By Kate Hunger
After her teenage son was caught vaping twice last school year, Physician Assistant Studies Assistant Professor/Clinical Tammy Harris, MPAS, PA-C, spent a lot of time thinking about ways to address the increasing use of e-cigarettes among youth.
“They are so influenced by their peers,” she said.
She thought back to a study involving respiratory care students in the School of Health Professions that used inflatable snorkel vests to simulate restricted lung disease. She wondered if it would be possible to create a vaping intervention using similar vests to demonstrate to teenagers the potential impact vaping could have on their ability to breathe.
“Why don’t we come up with a program we can implement at the high school and middle school level?” Harris recalled thinking.
The results of her inspiration are the Vaping Assessment, Prevention, and Education Project (VAPE), a study funded by a seed grant through Linking Interprofessional Networks for Collaboration (LINC), a UT Health San Antonio effort to foster interprofessional education. The project is intended to educate youth about e-cigarette addiction, safety, and possible health issues, as well as change attitudes about and behavior related to vaping, all while advancing interprofessional collaboration.
The issue is a pressing one: The 2018 National Youth Tobacco Survey found a 78% increase in e-cigarette use reported by high school students. The research team’s proposal noted that while there aren’t long-term studies on the effect of chronic e-cigarette use, “current literature supports the potential pulmonary, cardiac, and abnormal brain disturbances e-cigarettes impact on the younger population.”

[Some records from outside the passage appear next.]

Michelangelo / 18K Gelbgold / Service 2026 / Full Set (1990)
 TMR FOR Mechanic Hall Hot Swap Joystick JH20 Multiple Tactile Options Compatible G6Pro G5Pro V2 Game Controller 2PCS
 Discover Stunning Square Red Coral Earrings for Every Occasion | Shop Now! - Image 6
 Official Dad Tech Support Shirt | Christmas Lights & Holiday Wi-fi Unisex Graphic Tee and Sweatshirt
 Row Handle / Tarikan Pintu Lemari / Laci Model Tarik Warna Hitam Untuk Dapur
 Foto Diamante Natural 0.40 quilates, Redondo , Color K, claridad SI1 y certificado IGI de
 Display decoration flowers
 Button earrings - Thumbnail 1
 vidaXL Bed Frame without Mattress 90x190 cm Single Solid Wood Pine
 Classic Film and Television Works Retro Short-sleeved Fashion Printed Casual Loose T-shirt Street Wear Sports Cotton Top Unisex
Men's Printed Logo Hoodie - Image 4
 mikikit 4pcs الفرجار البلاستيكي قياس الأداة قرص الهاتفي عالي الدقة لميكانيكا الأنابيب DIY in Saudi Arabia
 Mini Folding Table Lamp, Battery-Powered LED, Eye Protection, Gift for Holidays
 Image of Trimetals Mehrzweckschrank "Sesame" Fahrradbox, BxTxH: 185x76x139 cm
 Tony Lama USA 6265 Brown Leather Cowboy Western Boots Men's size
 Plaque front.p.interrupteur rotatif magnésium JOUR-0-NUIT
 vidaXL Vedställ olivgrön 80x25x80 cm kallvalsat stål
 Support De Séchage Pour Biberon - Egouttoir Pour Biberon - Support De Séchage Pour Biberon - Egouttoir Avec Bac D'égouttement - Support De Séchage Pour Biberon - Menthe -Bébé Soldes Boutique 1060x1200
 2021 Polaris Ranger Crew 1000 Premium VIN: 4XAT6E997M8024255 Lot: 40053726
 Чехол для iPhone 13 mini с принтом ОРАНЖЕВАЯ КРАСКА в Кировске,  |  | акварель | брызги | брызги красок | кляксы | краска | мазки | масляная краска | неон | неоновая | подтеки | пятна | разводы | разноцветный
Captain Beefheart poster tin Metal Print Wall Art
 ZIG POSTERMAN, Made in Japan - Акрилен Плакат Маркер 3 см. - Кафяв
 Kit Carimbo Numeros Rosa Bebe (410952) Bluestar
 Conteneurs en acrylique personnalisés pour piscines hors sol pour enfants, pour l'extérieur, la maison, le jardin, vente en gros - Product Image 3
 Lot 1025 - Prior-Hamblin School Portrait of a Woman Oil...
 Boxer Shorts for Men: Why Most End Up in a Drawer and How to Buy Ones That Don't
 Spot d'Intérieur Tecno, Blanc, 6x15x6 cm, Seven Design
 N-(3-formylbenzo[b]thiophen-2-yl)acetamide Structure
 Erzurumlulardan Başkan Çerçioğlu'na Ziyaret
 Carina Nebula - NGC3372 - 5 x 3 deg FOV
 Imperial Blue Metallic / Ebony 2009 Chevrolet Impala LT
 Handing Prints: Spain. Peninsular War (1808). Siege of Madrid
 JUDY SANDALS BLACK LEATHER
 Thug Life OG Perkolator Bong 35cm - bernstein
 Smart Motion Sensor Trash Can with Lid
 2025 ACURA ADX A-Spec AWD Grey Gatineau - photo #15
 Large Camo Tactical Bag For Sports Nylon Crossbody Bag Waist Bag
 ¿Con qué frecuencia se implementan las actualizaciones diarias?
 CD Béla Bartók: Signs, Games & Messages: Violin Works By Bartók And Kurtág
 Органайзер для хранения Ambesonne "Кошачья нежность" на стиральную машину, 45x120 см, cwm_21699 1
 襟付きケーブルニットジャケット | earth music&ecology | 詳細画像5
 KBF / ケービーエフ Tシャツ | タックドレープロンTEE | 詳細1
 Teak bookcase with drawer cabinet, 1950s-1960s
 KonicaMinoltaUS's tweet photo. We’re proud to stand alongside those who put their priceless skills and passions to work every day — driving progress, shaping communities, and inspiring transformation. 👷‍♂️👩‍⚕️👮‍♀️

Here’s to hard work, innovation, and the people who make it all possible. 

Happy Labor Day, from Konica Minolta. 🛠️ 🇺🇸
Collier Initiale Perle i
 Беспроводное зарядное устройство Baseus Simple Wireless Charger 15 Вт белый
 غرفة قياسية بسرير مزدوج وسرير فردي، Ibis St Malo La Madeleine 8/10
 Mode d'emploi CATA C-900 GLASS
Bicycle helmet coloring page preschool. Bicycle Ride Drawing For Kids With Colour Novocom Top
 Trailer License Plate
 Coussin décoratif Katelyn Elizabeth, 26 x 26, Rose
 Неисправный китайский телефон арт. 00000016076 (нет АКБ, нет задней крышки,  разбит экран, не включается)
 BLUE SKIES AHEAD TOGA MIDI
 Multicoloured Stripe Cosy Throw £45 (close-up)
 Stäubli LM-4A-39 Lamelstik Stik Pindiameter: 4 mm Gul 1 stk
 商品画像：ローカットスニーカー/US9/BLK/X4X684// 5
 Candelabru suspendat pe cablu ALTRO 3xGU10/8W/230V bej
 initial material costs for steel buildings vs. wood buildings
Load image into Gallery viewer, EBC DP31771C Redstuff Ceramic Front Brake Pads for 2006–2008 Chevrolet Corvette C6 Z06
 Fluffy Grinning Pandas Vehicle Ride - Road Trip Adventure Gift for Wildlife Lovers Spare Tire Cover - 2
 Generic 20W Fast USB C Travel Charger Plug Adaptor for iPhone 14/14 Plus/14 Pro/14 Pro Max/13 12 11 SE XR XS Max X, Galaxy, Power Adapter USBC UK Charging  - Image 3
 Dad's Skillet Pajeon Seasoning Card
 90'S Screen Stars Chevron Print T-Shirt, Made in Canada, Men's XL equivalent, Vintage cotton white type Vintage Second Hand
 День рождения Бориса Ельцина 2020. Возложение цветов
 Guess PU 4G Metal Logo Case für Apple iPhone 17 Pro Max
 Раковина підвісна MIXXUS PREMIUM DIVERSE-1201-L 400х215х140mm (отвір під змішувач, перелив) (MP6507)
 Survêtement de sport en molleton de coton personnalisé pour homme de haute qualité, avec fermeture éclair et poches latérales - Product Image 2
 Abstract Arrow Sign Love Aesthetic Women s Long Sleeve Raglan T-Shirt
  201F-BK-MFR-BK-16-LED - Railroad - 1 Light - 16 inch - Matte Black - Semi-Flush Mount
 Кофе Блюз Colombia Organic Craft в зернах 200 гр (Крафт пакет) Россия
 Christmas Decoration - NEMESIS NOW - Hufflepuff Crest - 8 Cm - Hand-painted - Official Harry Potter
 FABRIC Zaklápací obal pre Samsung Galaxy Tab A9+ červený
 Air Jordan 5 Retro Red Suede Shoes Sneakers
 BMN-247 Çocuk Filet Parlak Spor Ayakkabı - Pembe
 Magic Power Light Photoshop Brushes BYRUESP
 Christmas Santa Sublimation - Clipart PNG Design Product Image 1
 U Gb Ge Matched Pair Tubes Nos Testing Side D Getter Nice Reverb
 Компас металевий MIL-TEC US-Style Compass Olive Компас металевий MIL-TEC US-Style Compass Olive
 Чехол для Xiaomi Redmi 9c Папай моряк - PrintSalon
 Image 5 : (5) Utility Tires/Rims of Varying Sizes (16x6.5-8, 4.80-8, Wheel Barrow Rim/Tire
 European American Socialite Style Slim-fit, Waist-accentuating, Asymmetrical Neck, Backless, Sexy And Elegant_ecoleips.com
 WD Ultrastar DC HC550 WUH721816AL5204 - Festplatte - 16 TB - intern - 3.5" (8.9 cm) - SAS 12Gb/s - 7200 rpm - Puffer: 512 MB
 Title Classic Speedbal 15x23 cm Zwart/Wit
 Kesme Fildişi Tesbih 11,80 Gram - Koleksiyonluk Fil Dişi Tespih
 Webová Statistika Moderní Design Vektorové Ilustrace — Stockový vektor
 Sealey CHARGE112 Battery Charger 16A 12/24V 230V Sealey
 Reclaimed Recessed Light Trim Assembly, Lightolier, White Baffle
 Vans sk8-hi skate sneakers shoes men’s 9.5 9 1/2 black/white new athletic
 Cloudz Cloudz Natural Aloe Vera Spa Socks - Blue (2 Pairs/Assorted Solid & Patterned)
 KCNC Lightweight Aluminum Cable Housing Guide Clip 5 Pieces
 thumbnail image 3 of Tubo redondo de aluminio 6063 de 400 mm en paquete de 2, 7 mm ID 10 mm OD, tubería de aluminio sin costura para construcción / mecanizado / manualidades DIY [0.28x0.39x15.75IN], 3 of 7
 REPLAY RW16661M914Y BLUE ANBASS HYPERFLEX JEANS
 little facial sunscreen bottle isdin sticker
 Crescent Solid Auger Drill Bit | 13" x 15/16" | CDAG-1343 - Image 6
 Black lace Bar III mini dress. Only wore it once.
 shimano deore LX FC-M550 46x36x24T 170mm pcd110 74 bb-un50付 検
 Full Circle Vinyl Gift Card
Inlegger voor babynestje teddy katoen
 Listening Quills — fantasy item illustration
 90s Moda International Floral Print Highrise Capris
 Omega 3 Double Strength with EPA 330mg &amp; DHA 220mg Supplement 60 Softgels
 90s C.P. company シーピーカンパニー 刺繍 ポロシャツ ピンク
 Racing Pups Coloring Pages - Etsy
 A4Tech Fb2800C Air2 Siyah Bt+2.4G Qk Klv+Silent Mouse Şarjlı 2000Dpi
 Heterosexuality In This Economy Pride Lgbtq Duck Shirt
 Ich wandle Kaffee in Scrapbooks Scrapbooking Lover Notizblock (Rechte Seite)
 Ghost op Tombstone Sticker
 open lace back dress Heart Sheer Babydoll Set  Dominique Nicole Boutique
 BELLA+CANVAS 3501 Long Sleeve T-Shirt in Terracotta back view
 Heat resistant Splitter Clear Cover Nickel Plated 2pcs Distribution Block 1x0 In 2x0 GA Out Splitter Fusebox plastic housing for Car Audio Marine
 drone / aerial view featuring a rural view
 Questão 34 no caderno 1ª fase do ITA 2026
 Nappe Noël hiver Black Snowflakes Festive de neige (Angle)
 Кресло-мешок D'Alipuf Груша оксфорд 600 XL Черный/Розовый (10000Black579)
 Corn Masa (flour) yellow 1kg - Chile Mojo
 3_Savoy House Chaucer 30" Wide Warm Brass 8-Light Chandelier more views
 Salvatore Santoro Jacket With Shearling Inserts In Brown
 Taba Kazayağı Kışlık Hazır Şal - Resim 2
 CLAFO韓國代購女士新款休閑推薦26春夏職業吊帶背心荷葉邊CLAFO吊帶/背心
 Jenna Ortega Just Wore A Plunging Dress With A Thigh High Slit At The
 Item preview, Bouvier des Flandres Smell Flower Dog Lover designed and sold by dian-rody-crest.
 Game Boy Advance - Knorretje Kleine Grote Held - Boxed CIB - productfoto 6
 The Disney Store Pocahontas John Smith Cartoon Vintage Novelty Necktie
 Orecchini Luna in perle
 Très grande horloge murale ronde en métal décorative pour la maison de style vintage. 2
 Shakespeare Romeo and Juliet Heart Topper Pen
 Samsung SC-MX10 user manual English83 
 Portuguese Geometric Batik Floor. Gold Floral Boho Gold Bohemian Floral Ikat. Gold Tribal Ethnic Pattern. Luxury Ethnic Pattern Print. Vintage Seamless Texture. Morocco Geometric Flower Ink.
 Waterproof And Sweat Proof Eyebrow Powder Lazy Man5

Harris is one of seven researchers on the project. Her co-principal investigator is Ryan Van Ramshorst, M.D., chief medical officer for Texas Medicaid and the Child Health Insurance Program (CHIP) and assistant professor in the Department of Pediatrics in the Long School of Medicine. The research team includes UT Health San Antonio students as well as the following associate investigators:
• Leticia Bland, DHsc, MPAS, PA-C, admissions chair and assistant professor/clinical, Department of Physician Assistant Studies
• Roland Paquette, MPAS, PA-C, associate academic coordinator, and assistant professor, Department of Physician Assistant Studies
• Meredith Quinene, DHSc, MPAS, PA-C, academic coordinator, and assistant professor, Department of Physician Assistant Studies
• Thomas Stokes, Jr., M.Ed, RRT, assistant professor, Department of Respiratory Care
• Sandeep Subramanian, BPTh, Ph.D., assistant professor, Department of Physical Therapy
The research team will recruit between 200 and 400 high school students from Northside Independent School District and Judson Independent School District to participate in the study.
Participants take a pre-survey and then will be divided into two groups. Both groups will receive information about vaping and one group also will receive the inflatable vest intervention to simulate restricted lung disease. Participants will then retake the survey.
“Our hope is if we can show our intervention is effective, this is something we can take to other school districts,” Harris said.
Harris said the team plans to conduct the on-campus study by October, with results available this fall.